# Supplied information:
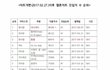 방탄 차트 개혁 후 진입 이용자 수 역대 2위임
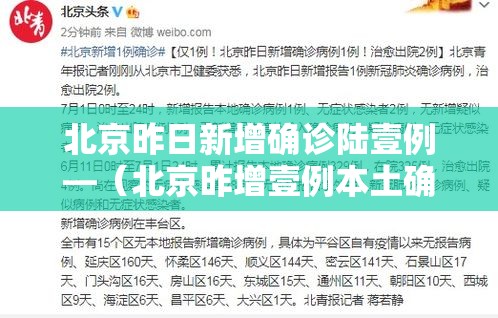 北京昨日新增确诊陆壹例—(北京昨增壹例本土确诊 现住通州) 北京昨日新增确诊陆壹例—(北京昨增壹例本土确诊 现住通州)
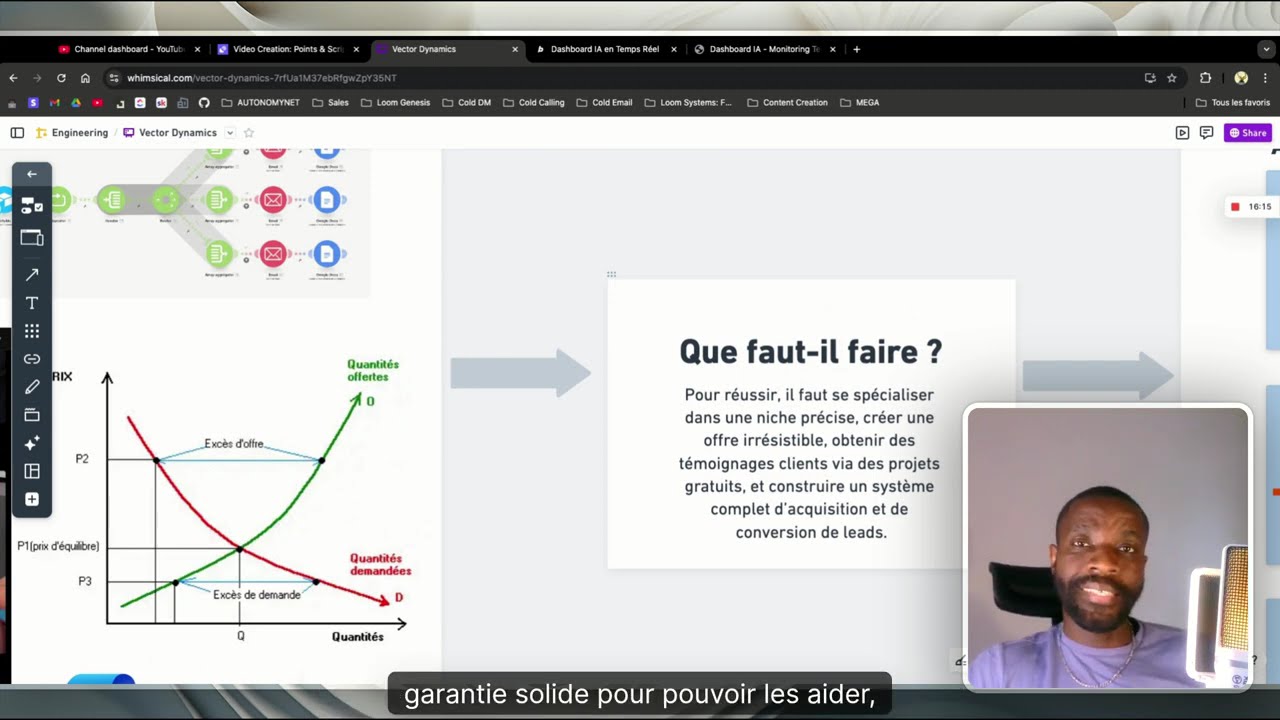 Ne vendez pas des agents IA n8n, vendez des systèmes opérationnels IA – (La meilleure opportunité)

# Your instructions:
Wherever the listing shows a picture, omit it and output the rest exactly as given.

# Task output:
 방탄 차트 개혁 후 진입 이용자 수 역대 2위임
 北京昨日新增确诊陆壹例—(北京昨增壹例本土确诊 现住通州) 北京昨日新增确诊陆壹例—(北京昨增壹例本土确诊 现住通州)
 Ne vendez pas des agents IA n8n, vendez des systèmes opérationnels IA – (La meilleure opportunité)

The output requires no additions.